Allerdings gilt der Grundsatz, wonach die Haftung des Architekten bei Einschaltung eines Sonderfachmanns für fachspezifische Fragen ausscheidet, nicht uneingeschränkt. Hat auch der Architekt die bautechnischen Fachkenntnisse oder sind sie von ihm zu erwarten, begründet dies eine Mithaftung; deshalb ist im Einzelfall stets darauf abzustellen, ob dem Architekten die Prüfung der Leistung des Sonderfachmanns möglich war und sich ihm dabei Bedenken aufdrängen mussten (Werner/Pastor, a.a.O.).

Aber auch diese Gesichtspunkte führen hier zu keinem anderen Ergebnis. Es ist weder von der Klägerin dargetan noch sonst ersichtlich, dass die Beklagten zu 2 und 3 als Architekten fachlich in der Lage waren, die Frage der zu verwendenden Materialien in dem technischen Bereich in eigener Kompetenz zu prüfen oder dass konkrete Anhaltspunkte für sie bestanden, die Vorbereitung der Vergabe durch die Beklagte zu 1 in den technischen Punkten einer nochmaligen Überprüfung zu unterziehen, um "Mischinstallationen" zu verhindern. Da die Fa. im Wege ihres doppelten Planungsauftrages die Kompetenz im "Leistungsbild Technische Ausrüstung" gerade der Beklagten zu 1 zugewiesen hatte, konnten und durften die Beklagten zu 2 und 3 auf eine fachgerechte Planung in diesem Sonderbereich vertrauen. Dafür dass insoweit - mit der Folge einer erweiterten Prüfungspflicht - zu konkreten Zweifeln Veranlassung bestanden hätte, hat die Klägerin nichts vorgetragen.

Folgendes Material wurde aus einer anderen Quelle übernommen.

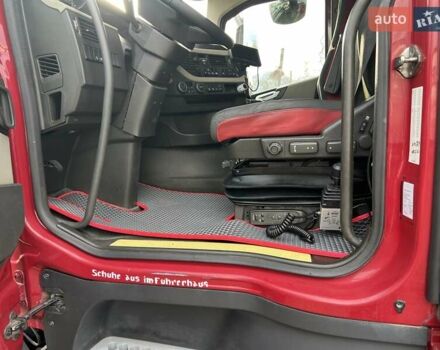 Вольво FH 13, об'ємом двигуна 0 л та пробігом 675 тис. км за 35330 $, фото 26 на Automoto.ua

Nach allem scheidet eine deliktische Haftung der Beklagten zu 2 und 3 aus. Ansprüche aus anderen Rechtsgründen - insbesondere aus Vertrag - sind nicht ersichtlich.

Diesem Ergebnis steht die Wirkung der Nebenintervention aufgrund des Beitritts der Beklagten zu 2 und 3 im Vorprozess (§§ 66, 68, 74 Abs. 1 ZPO) nicht entgegen. Die Bindungswirkung des rechtskräftigen Urteils des Vorprozesses erstreckt sich auf die Entscheidungselemente, d.h. auf die tragenden Feststellungen des Ersturteils (BGHZ 85, 255; 96, 53; 157, 99; Zöller/Vollkommer, ZPO, 25. Aufl., Rdnr. 9 zu § 68). Tragende Feststellungen sind jedoch nur die hinreichenden und notwendigen Bedingungen der Erstentscheidung; dies beurteilt sich nicht nach dem, was das Erstgericht als entscheidungserheblich angesehen hat, sondern ausschließlich danach, worauf die Entscheidung objektiv nach zutreffender Rechtsauffassung beruht (BGH 157, 99; Zöller a.a.O.; Thomas/Putzo, ZPO, 27. Aufl., Rdnr. 5 zu § 68). Vorliegend hatte das Hanseatische Oberlandesgericht seine Entscheidung im Urteil vom 18.07.2002 maßgeblich auf die Erwägung abgestellt, dass die Beklagte im Vorprozess, die Fa. I. , deshalb keine eigene Prüfungspflicht nach § 4 Nr. 3 VOB/B traf, weil sie selbst nicht an der Planung beteiligt war, sondern sich die von ihr geschuldete Leistung lediglich auf die Lieferung und Montage erstreckte. Indem also das Hanseatische Oberlandesgericht eine (mögliche) Schadenersatzhaftung an die Planungsverantwortlichkeit knüpfte, die sie für den Aufgabenbereich der dort Beklagten, der Fa. I. , jedenfalls ausschließen konnte, waren die notwendigen und hinreichenden Bedingungen, die Klage abzuweisen, geschaffen, ohne dass es darüber hinaus noch zur Begründung des Ersturteils einer Festlegung dahingehend bedurft hätte, wer - die Beklagte zu 1, die Beklagten zu 2 und 3 oder vielleicht alle insgesamt - als Planende zuständig und letztlich in dieser Eigenschaft für den Schaden verantwortlich wären. Soweit also das Hanseatische Oberlandesgericht ausgeführt hat, die Planung habe bei "(den) hierzu für die Schw. M. für das Gesamtobjekt tätigen Architekten und Planungsfirmen" bzw. bei den "eingeschalteten Planern" gelegen, handelt es sich, wenn auch eine Zuweisung der Verantwortung an die Beklagten zu 2 und 3 umfasst sein sollte, um keine das Ersturteil tragende Feststellung, die zu einer Bindungswirkung nach § 68 ZPO zu Lasten dieser Beklagten führen kann. III.

Die Nebenentscheidungen beruhen auf den §§ 91, 708 Nr. 10, 711 ZPO.

Die Revision war nicht zuzulassen, da die Voraussetzungen des § 543 Abs. 2 ZPO nicht vorliegen.